With this in mind and the November elections behind us (pending a few recounts and lawsuits — you were always a rank choice, Bruce), Republican-controlled legislatures today are busy trying to similarly subvert the will of voting majorities while they still can, however they can. Accordingly, it’s high time we bestowed the next Harris Nightmare Award (HNA) for nakedly self-hating political mendacity.
Our choice for the 2018 post-electoral HNA: The GOP-controlled North Carolina legislature, which, in the face of U.S. Circuit Court rebukes and the failure of state and federal investigations to identify meaningful in-person voter fraud, have succeeded in amending the state constitution to permanently suppress the vote via strict voter ID requirements.

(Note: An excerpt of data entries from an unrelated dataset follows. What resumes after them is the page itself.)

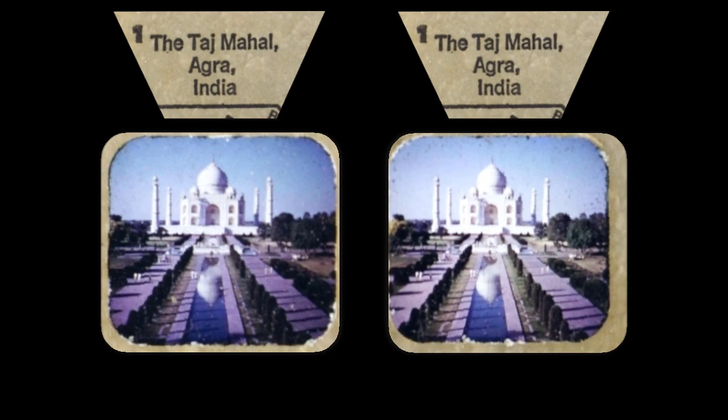The Taj Mahal, Agra, India. Angkor Wat, Cambodia. Chartres Cathedral, France.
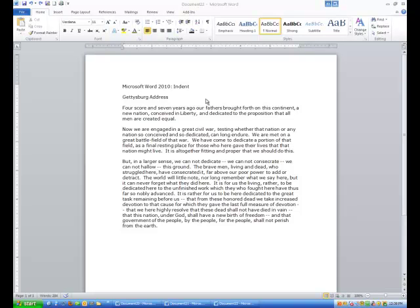Hi ladies and gentlemen, this is Tony Holowitz and I want to talk to you about working with the indent in Microsoft Word 2010.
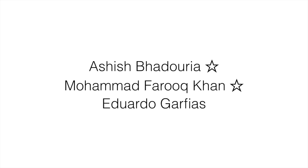This nugget concludes firewall basic series. In the next series, we will start talking about troubleshooting. Stay on this channel.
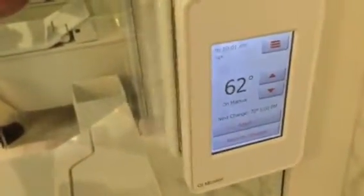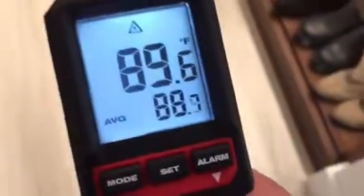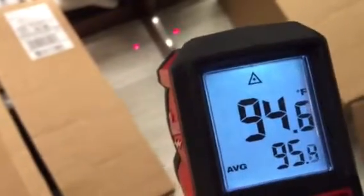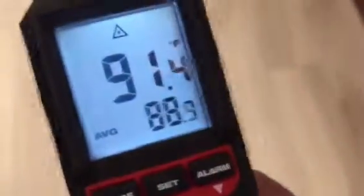Today is January 5th, 2018, and we're here at the residence. You can see the temperature setting on the thermostat and the floor setting right here. It's 95 degrees, 94 degrees on the floor, yet the thermostat temperature is set at 62 degrees.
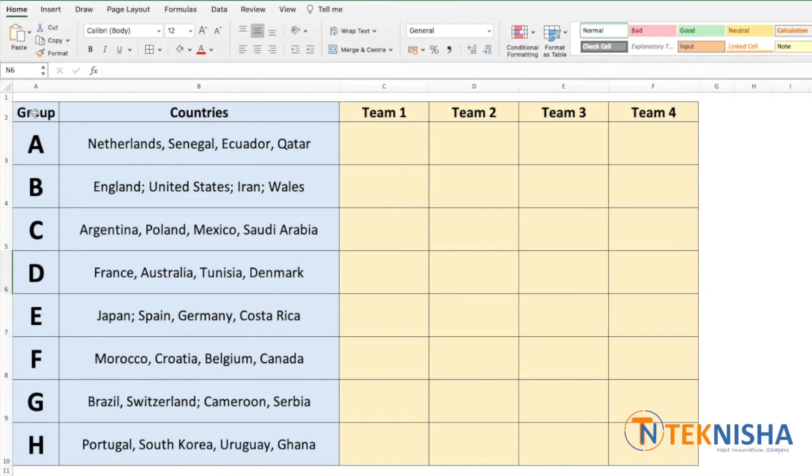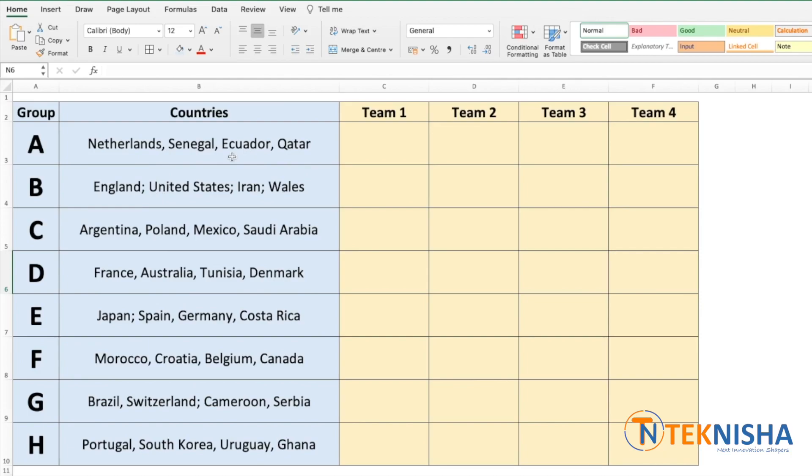Here in column A and B are the groups of the FIFA World Cup 2022. We have in column B all the countries in a single cell separated by either a comma or a semicolon.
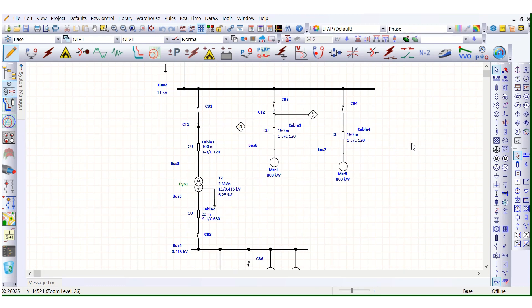In this video I will cover how to model a VFD, that is Variable Frequency Drive. VFD is used based on the process requirement — when it is required to monitor the speed of the drive, or to operate the drive at different speeds. During that time we need to use a Variable Frequency Drive to control and monitor the speed of the drive.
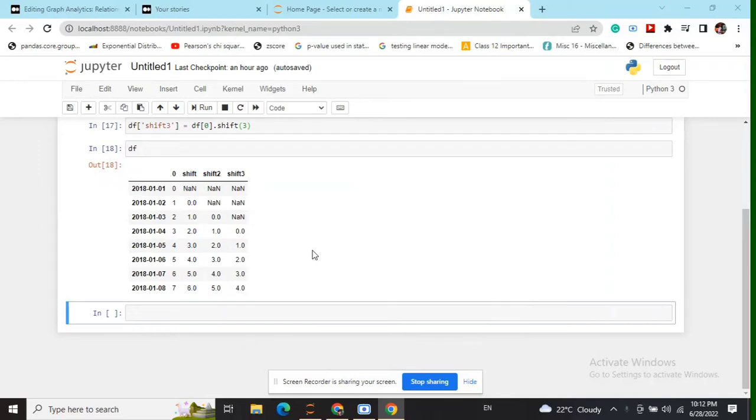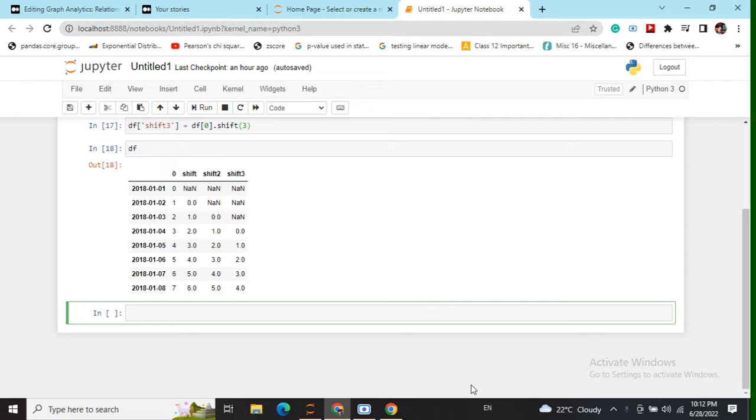Hi everyone, today we will be discussing what is autocovariance or autocorrelation in a time series.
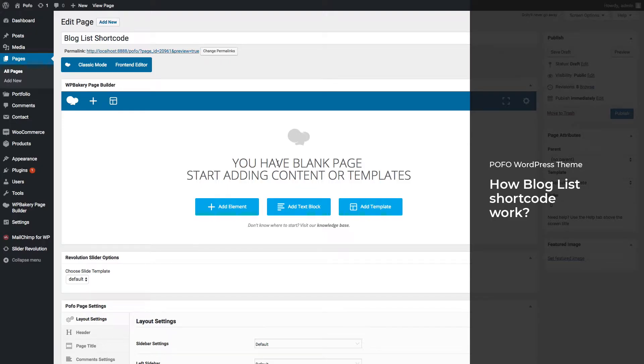Hi friends, welcome to POFO WordPress theme. In this video, we will show how to use blog list shortcode in WP Bakery page builder and explain different helpful settings and different styles of blog list shortcode.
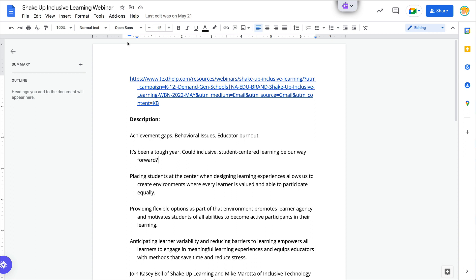Hey y'all, this week's quick tip is another Google Docs tip. It's a new feature that you may or may not have noticed.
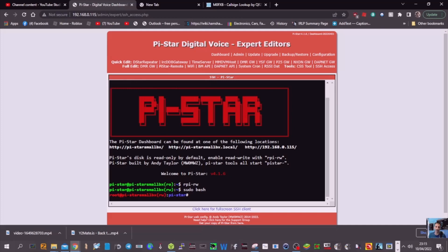Now you're going to type nano, N-A-N-O space, E-T-C. Actually go back, I made a mistake. You want to make a slanted line first, then ETC.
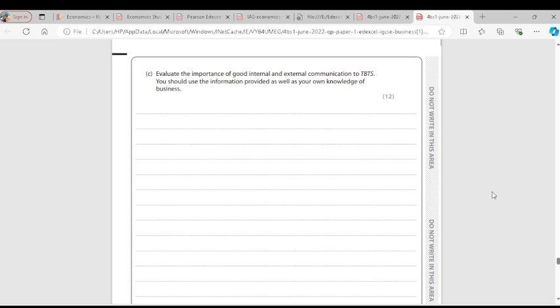Good external communication will improve the relationship between TBTS and its suppliers. Good communication means orders are made quickly and suppliers respond promptly. If there is poor communication, orders will be delayed, customers won't get what they need from the shop, and they will go to competitors.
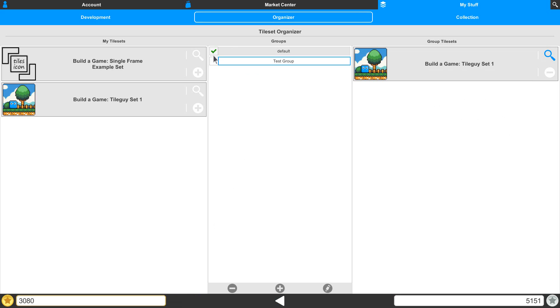We also have a checkbox right here, and this is what assigns this group to be the group that gets used inside of the editor. So you can select on it, and this becomes the one that gets loaded up.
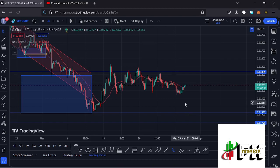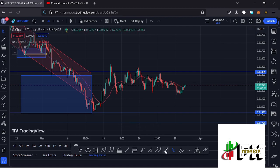Welcome back to TashkidFX for another VeChain price prediction update. In this video I'll be giving you the latest developments happening on the VeChain chart. At the time of this recording, price is holding above the 20-day MA on the 4-hour chart, which is now acting as support for us to continue gearing up.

This effort alone would not distinguish the NC legislature from dozens of other Republican-controlled bodies across the nation, but for the fact that November’s election in North Carolina did manifest what appears to actual voter fraud — of a kind that 1) the newly ratified amendment would not begin to address; and 2) appears to have been perpetrated entirely by consultants directly employed by Republican Mark Harris, a U.S. Congressional candidate whose razor-thin victory over opponent Dan McCready was apparently enabled by brazenly illegal efforts centered on absentee ballot vote suppression.
Republicans generally and the North Carolina legislature in particular have cited rampant in-person voter fraud as foundational to their arguments for requiring photo ID. There’s still vanishingly little evidence of such fraud; these claims are rhetorical cover for efforts (in the shameful tradition of Jim Crow) to hold down or nullify the votes of Democrats and independents.
But lo and behold, we’ve finally identified actual voter fraud and it’s specific to NC Republicans themselves!
In a striking note of bipartisan resistance, North Carolina’s State Board of Elections and Ethics Enforcement — a body comprising four Democrats, four Republicans and one independent — has unanimously voted to postpone certification of the Harris election (which he won by 905 votes) pending an evidentiary hearing scheduled for Dec. 21, 2018.
Named for Dr. Thomas Harris, author of the 1969 pop-psychology treatise I’m OK—You’re OK, The Harris Nightmare Awards call out the cynical, pre-emptively tit-for-tat nihilism that has informed Republican politics since the mid-1990s. In the Age of Trump, this phenomenon has been raised to high art. Hence the need for suitable commendations, like the HNAs.
Most folks will be familiar with the title of Harris’ book, which refers to an optimal state of human relations, one that most of us do indeed strive day-to-day to achieve. “Treat they neighbor as thyself” predates the good doctor’s coinage, but they go together: For one cannot hope to treat his/her neighbor well if, to begin with, one does not possess a decent, ultimately edifying sense of self-worth.
There are two more middling, less healthy states that Harris used to describe people suffering from undue superiority (I’m OK—You’re Not OK) and undue inferiority (I’m Not OK—You’re OK).
It is the fourth state, I’m Not OK—You’re Not OK, that is generally reserved for inveterate grumps and outright sociopaths. Go here for a more lengthy treatment of why this phrase so cogently describes today’s GOP and the media apparatus that supports it. In short, right wing media have decided there is more to gain politically, in the long run, by asserting the rampant political motivation and outright fakery of all media. By doing so, they stake out their own position and self-worth quite clearly: “We’re fake; they must be fake.” Or even, “We’re fake because they’re fake.”
I’m Not OK—You’re Not OK.
But this phenomenon extends well beyond right-wing media circles. Hence the need for the Harris Nightmare Awards, our humble attempt to shame the unshameable.